Task goal » Lines from the one with "Diamondbacks 2 Sided Mickey Mouse Garden Flag" up to and including the one with "Slowbro (117/091) [Scarlet" are to be copied exactly from the records below, without their pictures.

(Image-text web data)
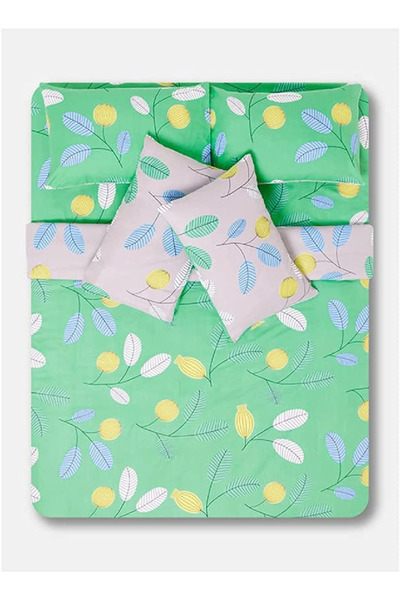 RISHAHOME 6-Piece King Duvet Cover Set, Multicolor TACHA Design, 2220240033, ...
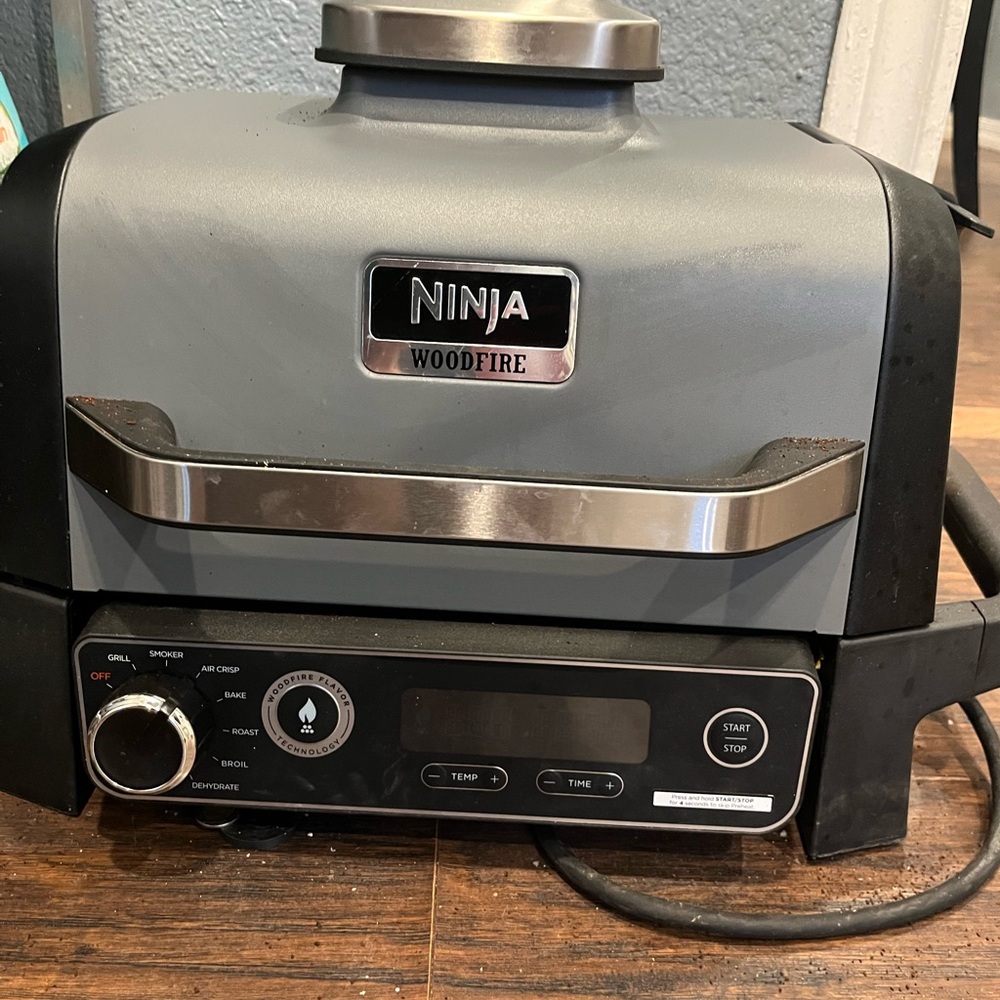 Ninja Woodfire Grill in Black and Gray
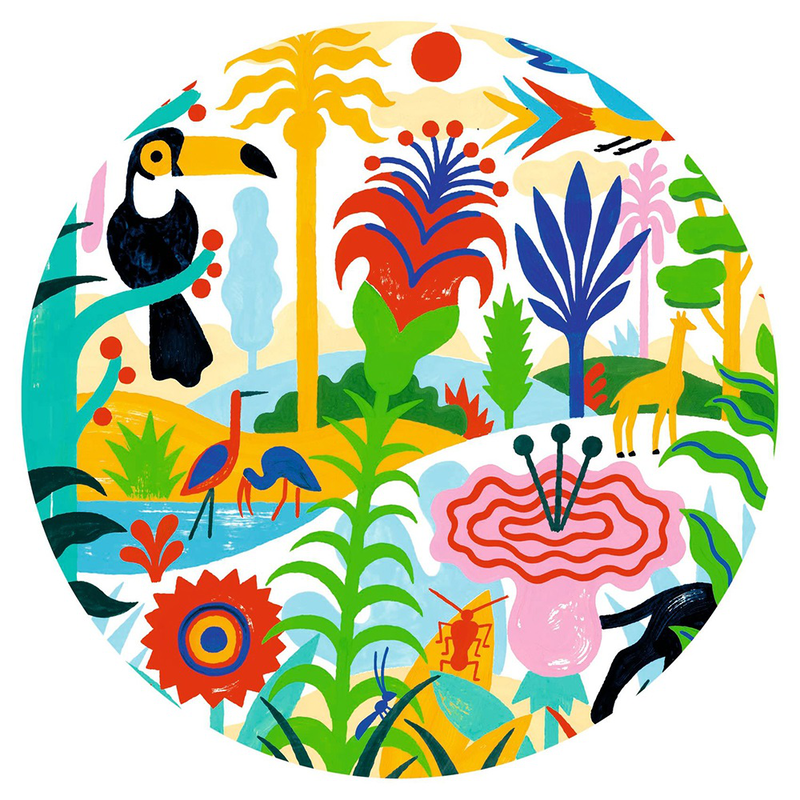 Djeco toys and games puzzles - puzzles gallery jungle, , medium image number null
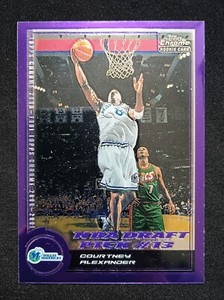 2000-01 Topps Chrome RC /1999 Courtney Alexander #163 Mavericks Draft Pick #13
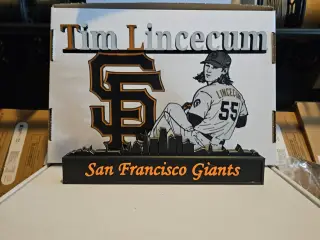 MLB - San Francisco Giants Tim Lincecum display
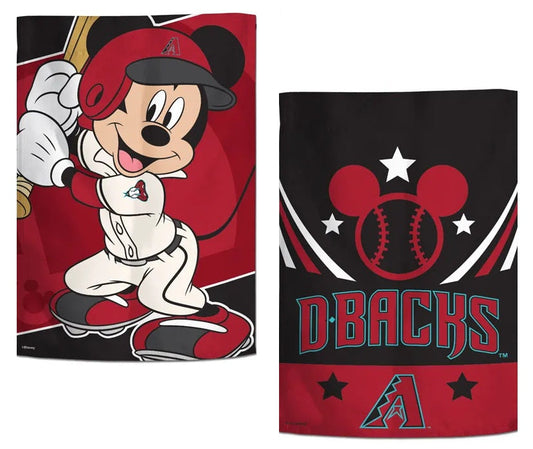Diamondbacks 2 Sided Mickey Mouse Garden Flag
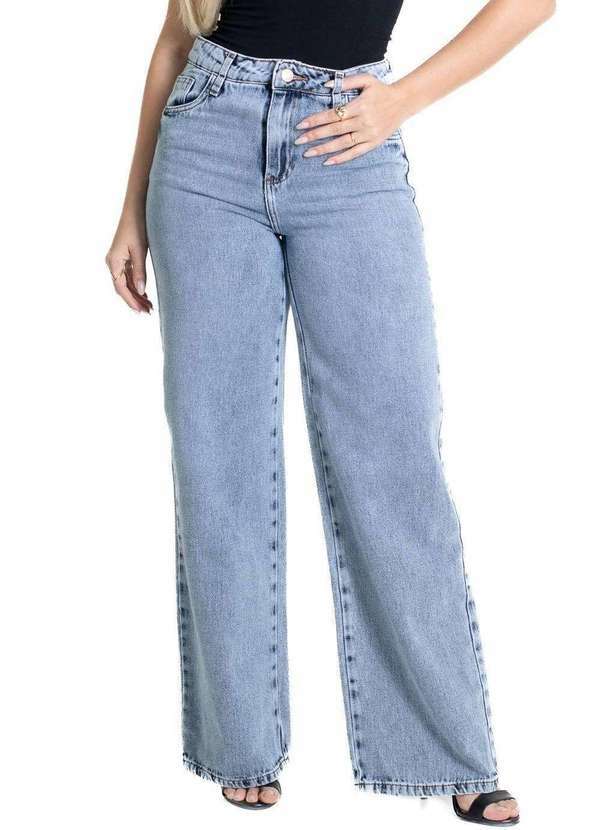 Sawary - Calça Jeans Sawary Wide Leg - 280937 Azul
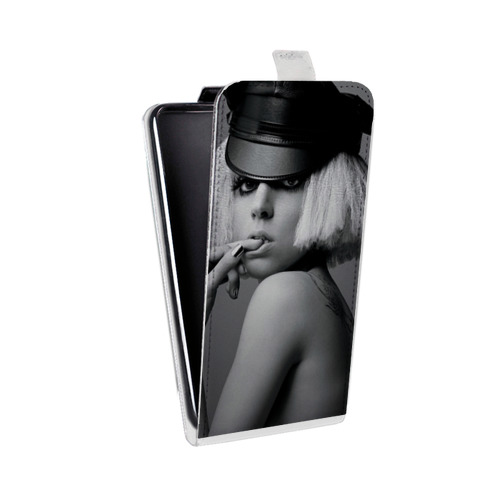 Дизайнерский вертикальный чехол-книжка для Iphone 11 Pro Леди Гага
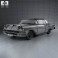 Ford Fairlane 500 Sunliner 1958 3d model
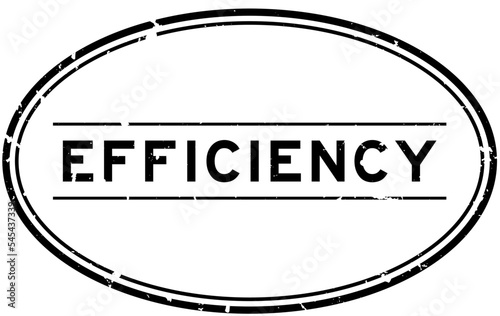Grunge black efficiency word rubber seal stamp on white background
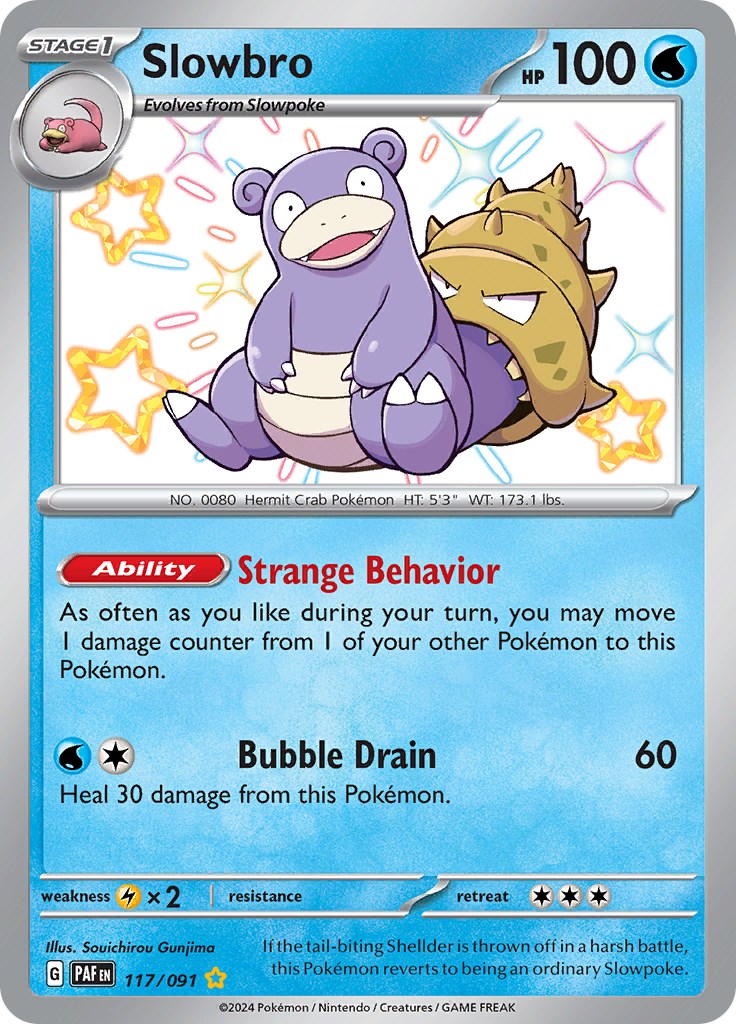 Slowbro (117/091) [Scarlet & Violet: Paldean Fates] | Exor Games Dartmouth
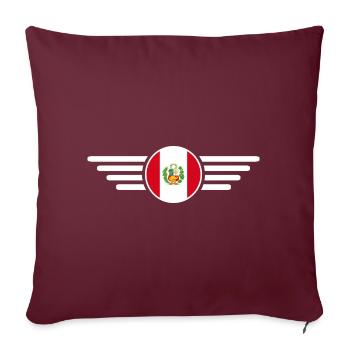 Pérou Style péruvien Design T-shirt - Housse de coussin décorative 45 x 45 cm - bordeaux - Devant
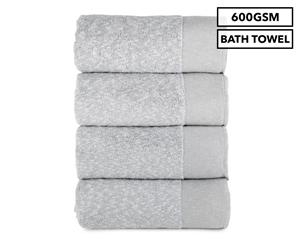 Luxury Living Parker Bath Towel 4-Pack - Grey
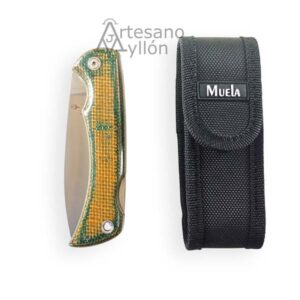 Navaja Muela BX-9G – Hoja MOVA 90 mm y Micarta Verde-Marrón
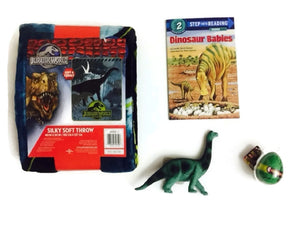 Hatching Dinosaur Egg Bundle Brachiosaurus Toy Jurassic World Throw Dino Babies Book Clade-Gravim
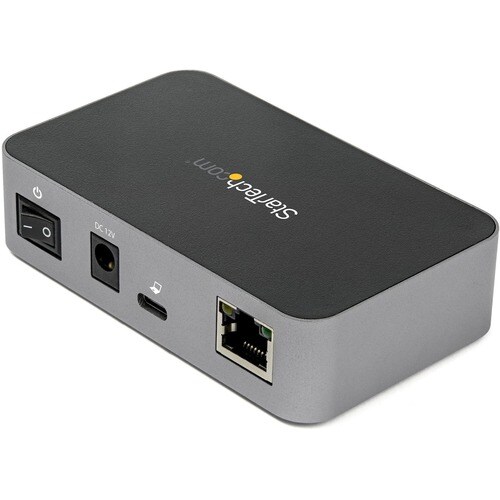 StarTech.com 3 Port USB C 3.2 Gen 2 Hub with Ethernet Adapter - 10Gbps USB Type C to 2x USB-A 1x USB-C - Powered Hub w/ Fa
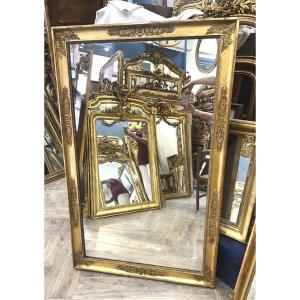 Miroir époque empire glace mercure 97x157cm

Answer for the task »
Diamondbacks 2 Sided Mickey Mouse Garden Flag
 Sawary - Calça Jeans Sawary Wide Leg - 280937 Azul
 Дизайнерский вертикальный чехол-книжка для Iphone 11 Pro Леди Гага
 Ford Fairlane 500 Sunliner 1958 3d model
Grunge black efficiency word rubber seal stamp on white background
 Slowbro (117/091) [Scarlet & Violet: Paldean Fates] | Exor Games Dartmouth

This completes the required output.